To do ::
The answer must consist solely of the lines below starting at the one containing "What is this bush/tree?" and ending at the one containing "Developmental Biology Presentation Veena", repeated exactly, with both ends included and all pictures omitted.

Supplied material ::
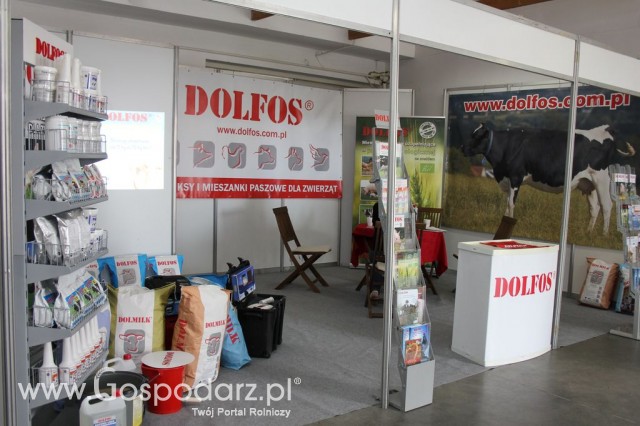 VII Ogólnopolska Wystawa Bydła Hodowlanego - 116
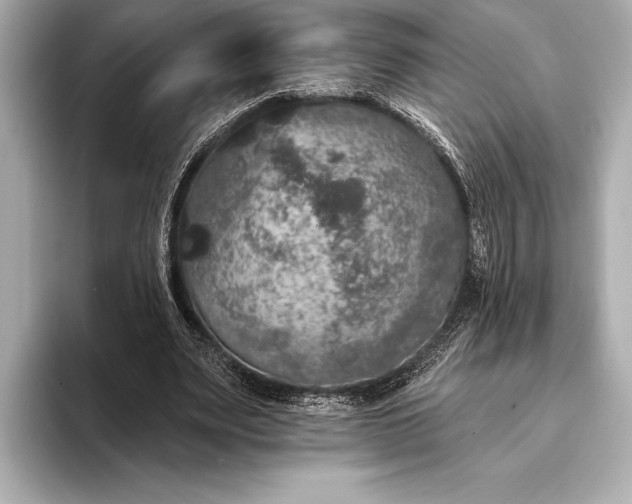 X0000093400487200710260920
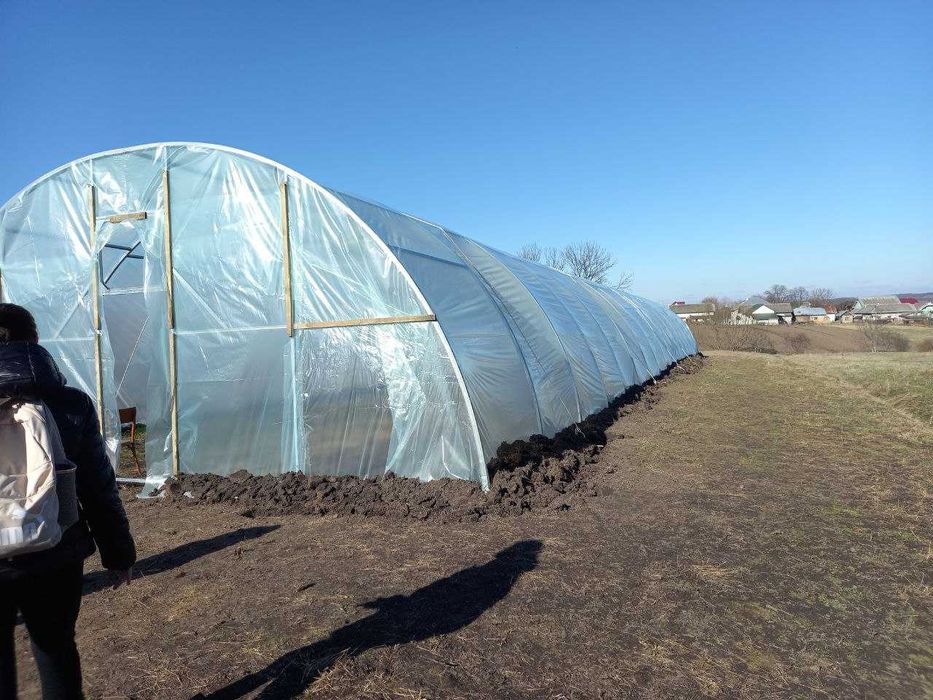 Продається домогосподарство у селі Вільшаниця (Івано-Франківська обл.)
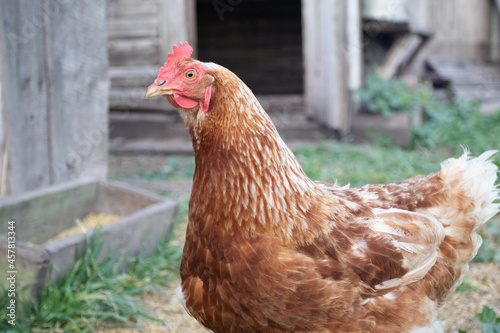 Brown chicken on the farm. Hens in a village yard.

--

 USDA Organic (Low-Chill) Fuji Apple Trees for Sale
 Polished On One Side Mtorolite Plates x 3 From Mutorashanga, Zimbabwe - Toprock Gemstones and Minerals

==

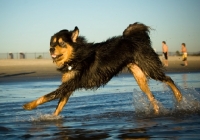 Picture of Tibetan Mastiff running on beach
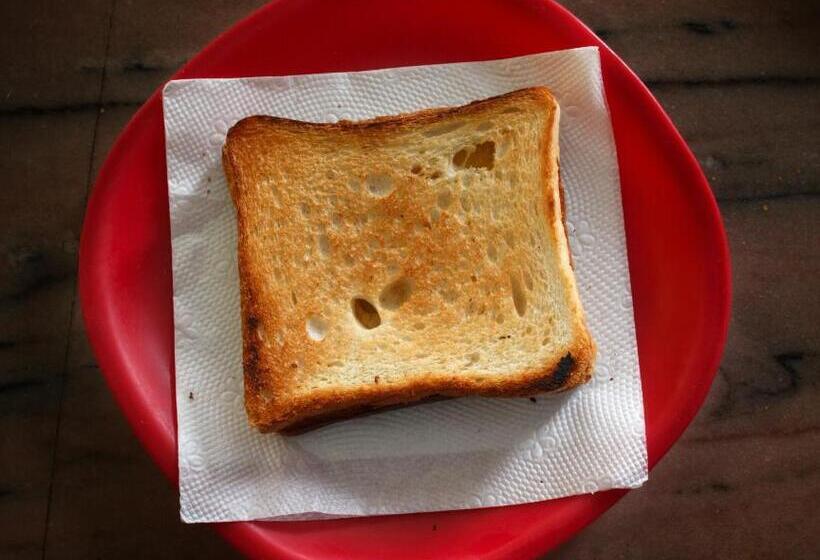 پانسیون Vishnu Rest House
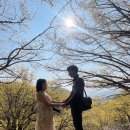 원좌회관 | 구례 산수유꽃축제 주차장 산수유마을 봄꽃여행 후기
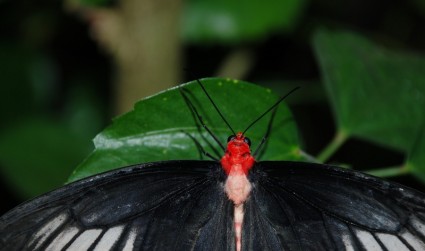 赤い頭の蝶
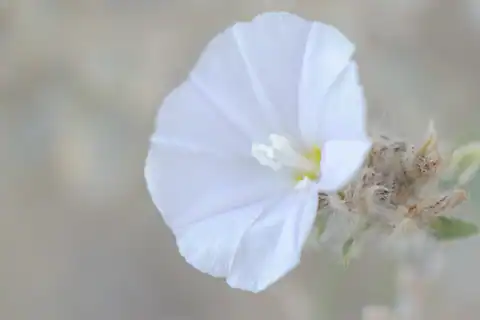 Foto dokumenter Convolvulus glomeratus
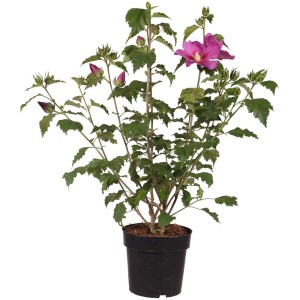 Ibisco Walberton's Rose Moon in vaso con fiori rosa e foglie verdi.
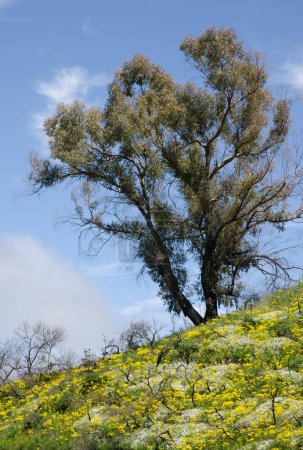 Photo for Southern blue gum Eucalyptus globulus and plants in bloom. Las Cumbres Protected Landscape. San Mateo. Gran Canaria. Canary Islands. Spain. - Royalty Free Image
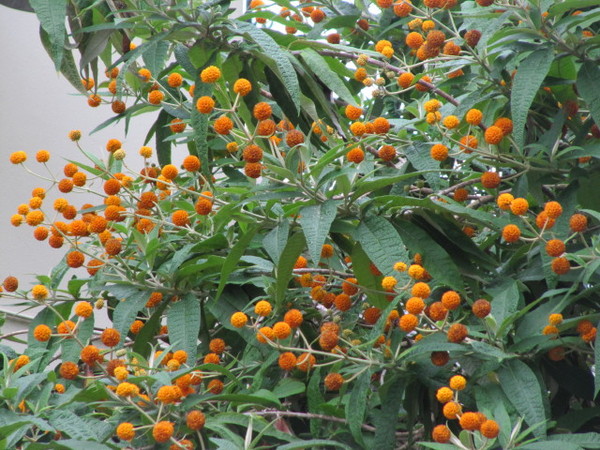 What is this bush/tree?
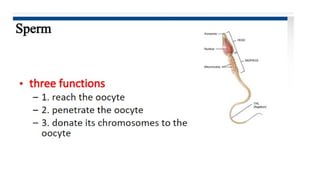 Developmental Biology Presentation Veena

Written response ::
 What is this bush/tree?
 Developmental Biology Presentation Veena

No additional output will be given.